=== GIVEN RECORDS ===

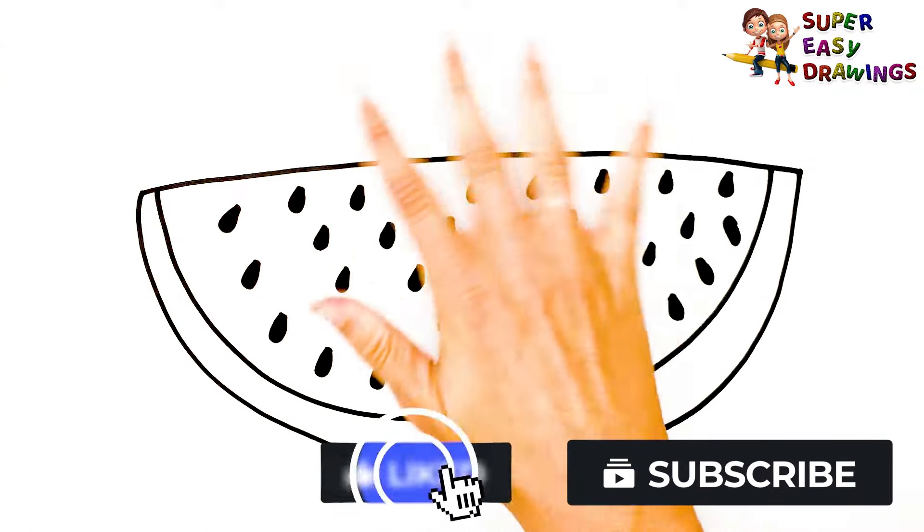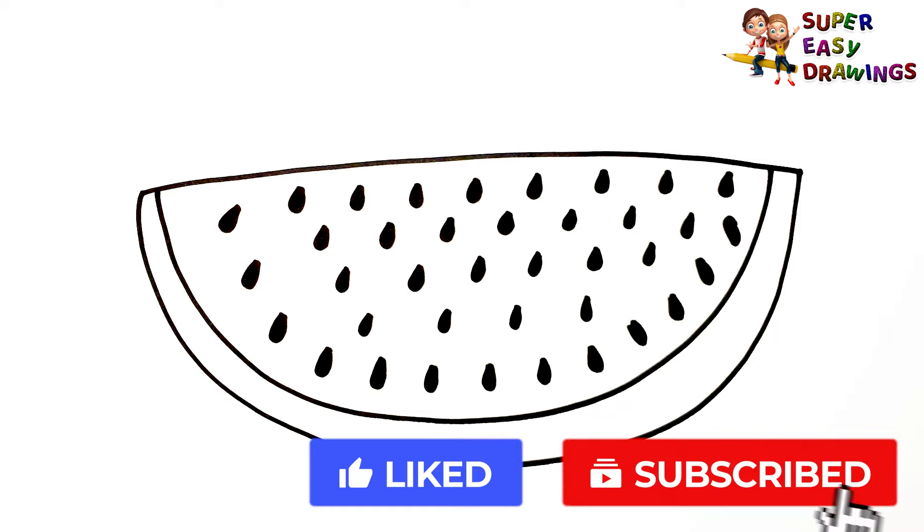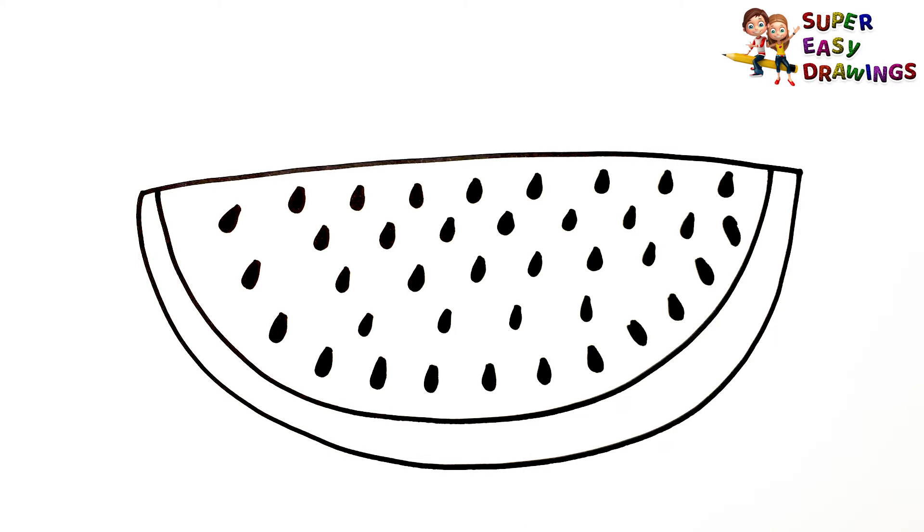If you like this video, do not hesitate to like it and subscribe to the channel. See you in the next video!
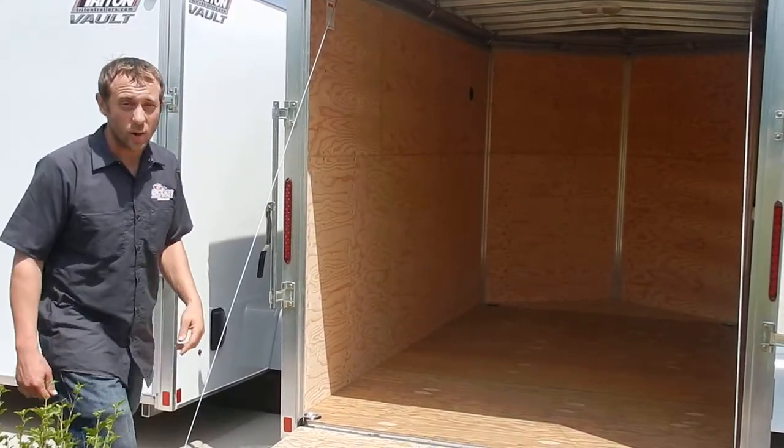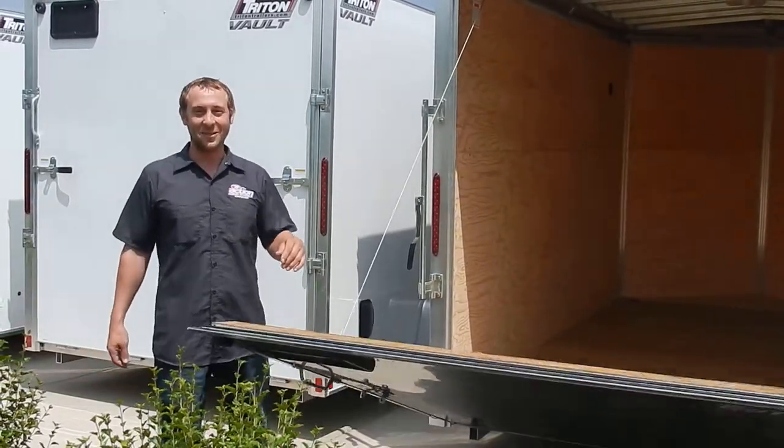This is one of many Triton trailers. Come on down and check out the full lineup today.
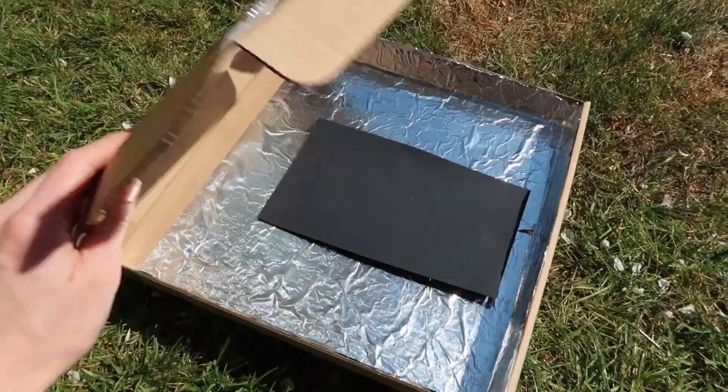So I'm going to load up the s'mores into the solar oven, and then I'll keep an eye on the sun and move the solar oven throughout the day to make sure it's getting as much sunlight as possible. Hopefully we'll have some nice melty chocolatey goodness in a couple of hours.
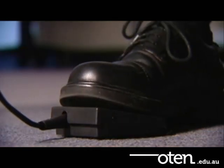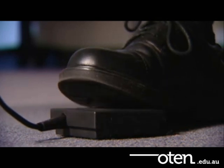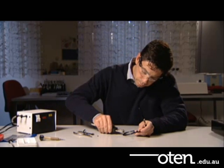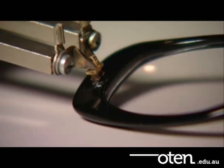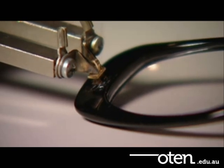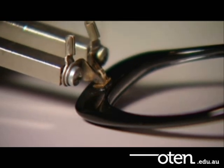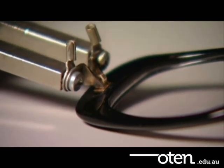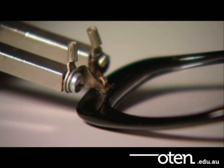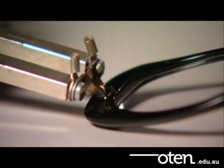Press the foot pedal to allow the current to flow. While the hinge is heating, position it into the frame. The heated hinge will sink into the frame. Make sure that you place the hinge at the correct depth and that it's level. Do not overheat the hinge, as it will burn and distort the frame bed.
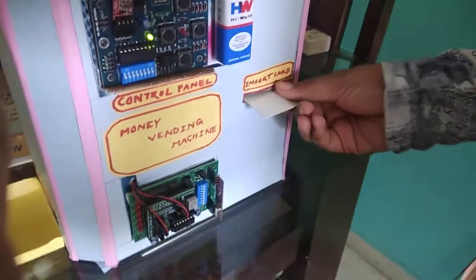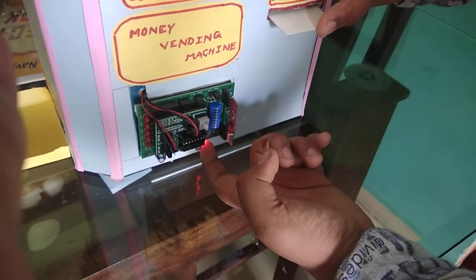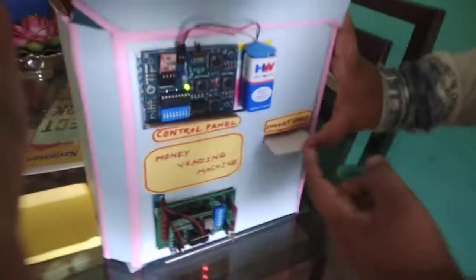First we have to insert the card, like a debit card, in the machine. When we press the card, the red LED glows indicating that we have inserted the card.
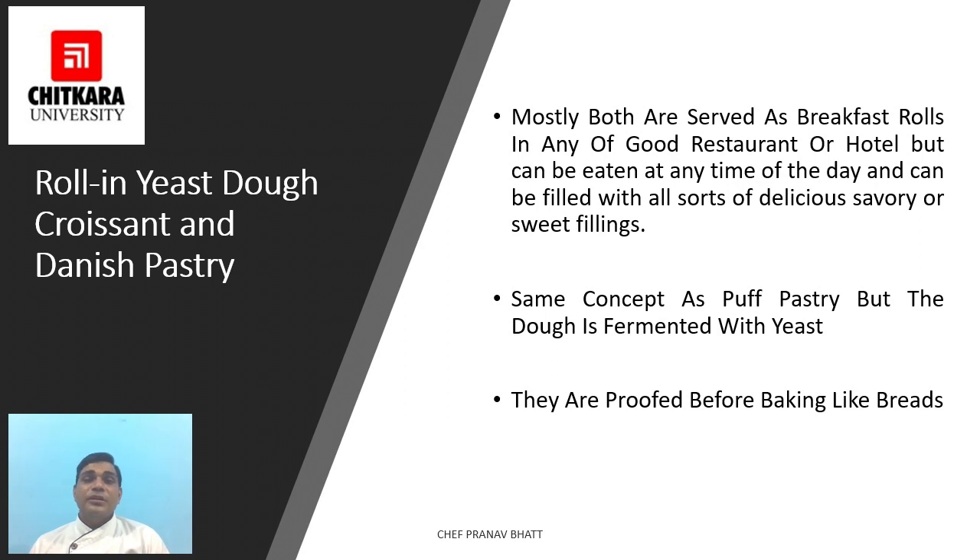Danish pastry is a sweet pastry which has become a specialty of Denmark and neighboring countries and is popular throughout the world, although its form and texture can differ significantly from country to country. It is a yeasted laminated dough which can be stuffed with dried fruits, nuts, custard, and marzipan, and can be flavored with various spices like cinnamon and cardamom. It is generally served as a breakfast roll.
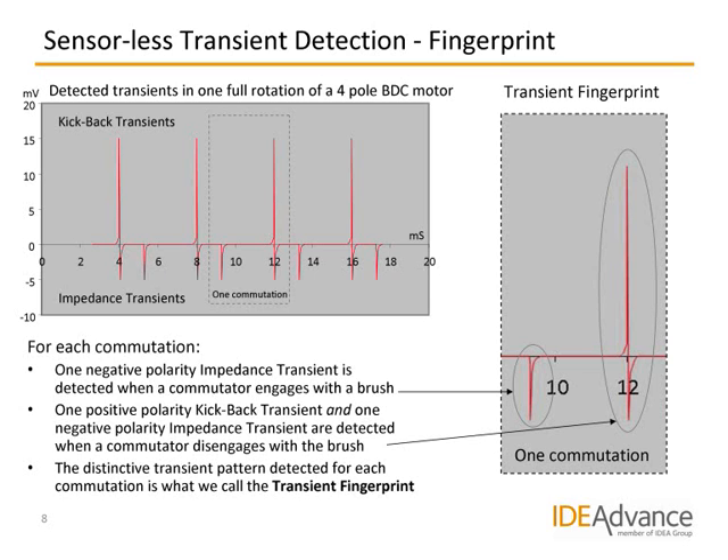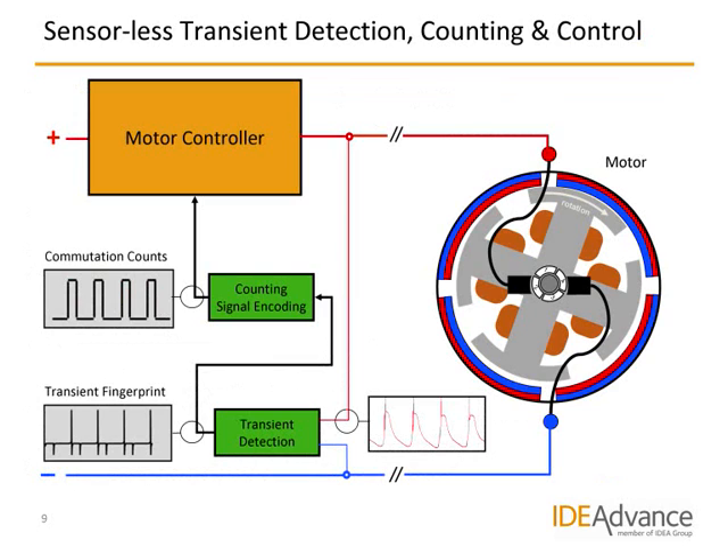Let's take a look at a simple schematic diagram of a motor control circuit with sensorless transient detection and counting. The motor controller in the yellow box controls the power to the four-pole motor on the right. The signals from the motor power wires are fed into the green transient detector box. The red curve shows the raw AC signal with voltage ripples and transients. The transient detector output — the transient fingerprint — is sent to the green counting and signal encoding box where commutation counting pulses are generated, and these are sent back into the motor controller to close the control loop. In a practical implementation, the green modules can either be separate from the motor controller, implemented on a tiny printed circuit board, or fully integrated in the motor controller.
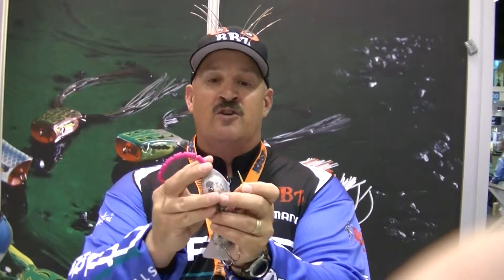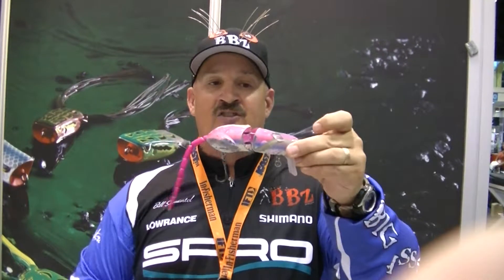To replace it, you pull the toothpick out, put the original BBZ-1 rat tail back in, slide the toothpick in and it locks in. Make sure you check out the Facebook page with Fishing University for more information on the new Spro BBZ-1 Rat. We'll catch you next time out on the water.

===

### EXERCISE INSTRUCTIONS
Excluding any pictures, print exactly the lines of the listing above from the line with "So I'm going" to the line with "First we have", both ends included.

### ANSWER SPACE
So I'm going to load up the s'mores into the solar oven, and then I'll keep an eye on the sun and move the solar oven throughout the day to make sure it's getting as much sunlight as possible. Hopefully we'll have some nice melty chocolatey goodness in a couple of hours.
Press the foot pedal to allow the current to flow. While the hinge is heating, position it into the frame. The heated hinge will sink into the frame. Make sure that you place the hinge at the correct depth and that it's level. Do not overheat the hinge, as it will burn and distort the frame bed.
First we have to insert the card, like a debit card, in the machine. When we press the card, the red LED glows indicating that we have inserted the card.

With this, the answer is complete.